A propósito de las redes sociales, leí una entrevista a Markus Gabriel, joven filósofo alemán, quien afirma que, en la actualidad, “Facebook ocupa el lugar de Dios” y que incluso nos hace creer que somos libres al expresar nuestras opiniones y sentimientos, cuando en realidad es “el puro vacío”. Pero, así como critica a las redes sociales, también lo hace con filósofos como Heidegger, Derrida y Foucault porque son poseedores de discursos oscuros, y a otros filósofos mediáticos porque sus discursos son presuntuosos. Por último, reclama que los filósofos de hoy deberían hablar del rol de las universidades, porque es allí donde se da la “cooperación de todas las ciencias para conocer mejor al ser humano”; es decir, la filosofía debe volver a las aulas universitarias como la madre de todas las ciencias. 

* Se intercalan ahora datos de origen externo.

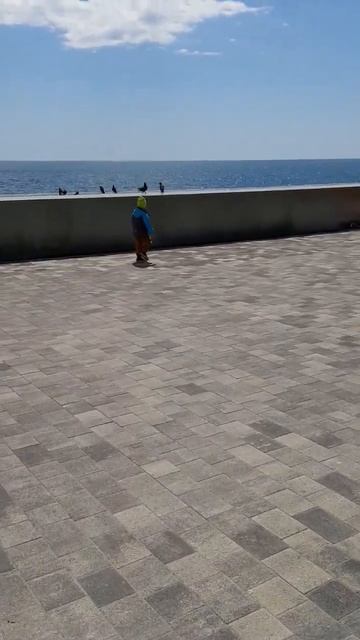 Алушта май 2023г.  Санаторий Славутич #алушта #синдромдауна #пляж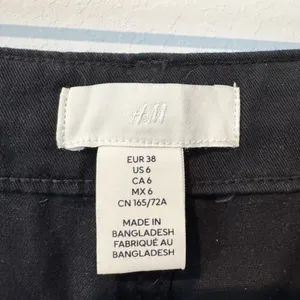 HM Cargo Pants Size 6 Faded‎ Black High Rise Wide Leg Baggy Alternative Grunge thumbnail 5
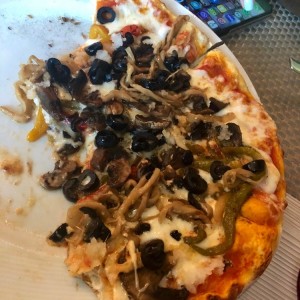 Pizza vegetariana!! full recomendada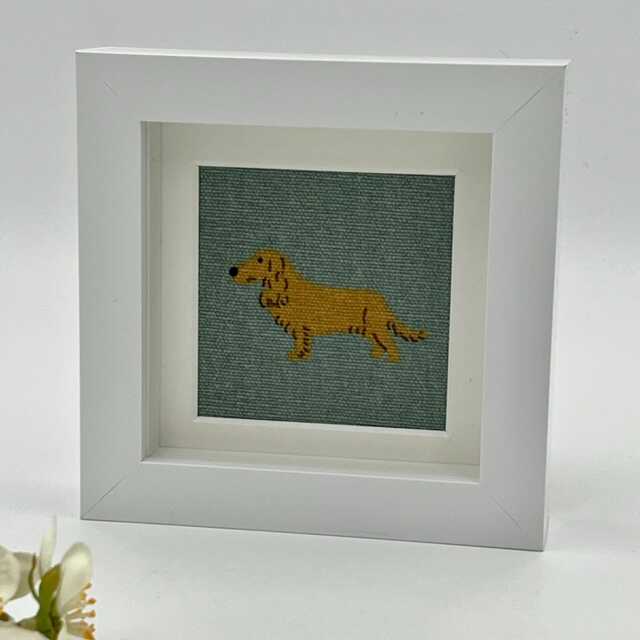 Golden Brown Cocker Spaniel Dog Picture, Fabric Wall Art By Sophie Allport - image 1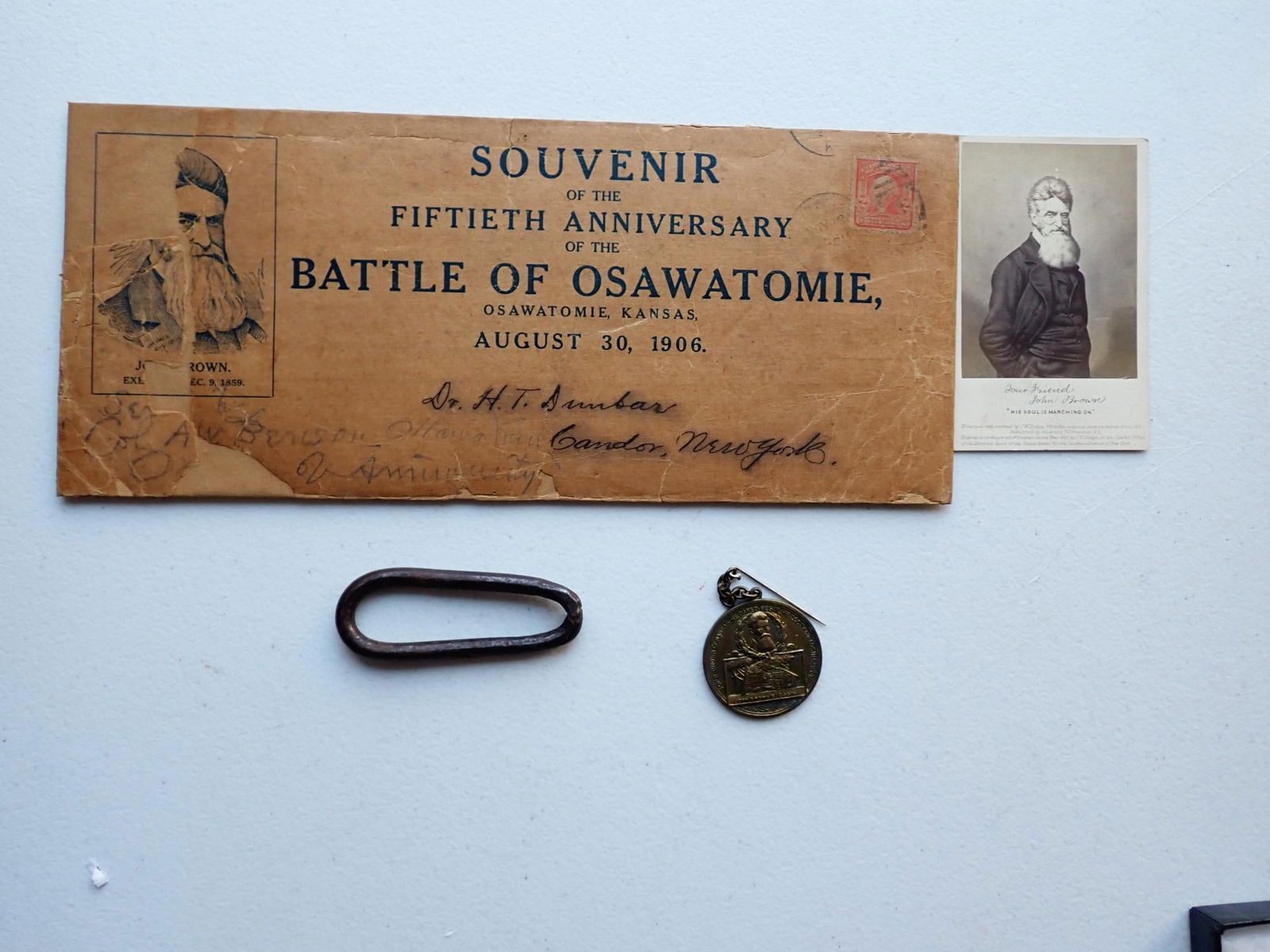 John Brown CDV, chain link used to secure him, etc. (1 of 9)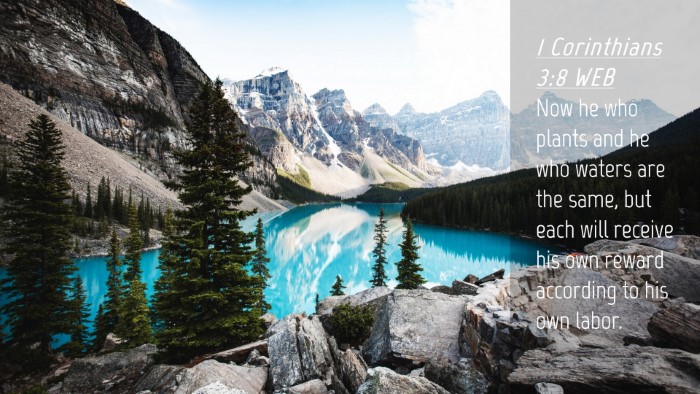 Picture 04 - 1 Corinthians 3:8 WEB Desktop Wallpaper - Now he who plants and he who waters are the same, - Desktop Bible Verse Wallpaper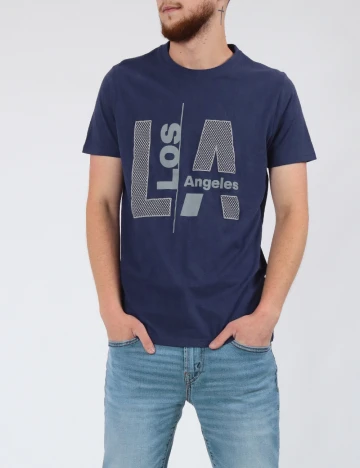 Tricou Milano Bulls, bleumarin Albastru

Tengamos presente la recomendación de Byung-Chul Han: «Conozco el programa académico de la Universidad Humboldt. Teoría del Conocimiento, Filosofía Analítica, Filosofía Cultural… Los alumnos aprenden el temario de memoria, lo vuelcan en un examen y se les da la nota. Hace 250 años, los profesores en la Humboldt eran Hegel, Schopenhauer, Fichte… Estaban los genios. Hoy es una empresa neoliberal que todo lo sacrifica en el altar del desempeño. Reparte puntos. Los catedráticos son vendedores; los estudiantes son clientes que evalúan a los profesores. Este es el colapso de la cultura, y mi tarea es hacer aflorar ese colapso»[3]. Cierro con Bertrand Russell: “El valor de la filosofía debe ser entendido, en gran medida, por su capacidad para ampliar nuestro sentido de lo posible”.

¿De qué vale recitar definiciones de filosofía del derecho si no se comprende su aplicación en dilemas éticos contemporáneos?

Retornando la metáfora de la navegación, pensar es navegar y nuestra tarea, como docentes, no es entregar mapas viejos, sino enseñar a leer el horizonte.


[1] “En el ERCE 2019, Bolivia se ubicó en los últimos puestos de comprensión lectora y matemáticas en 3° y 6° de primaria”.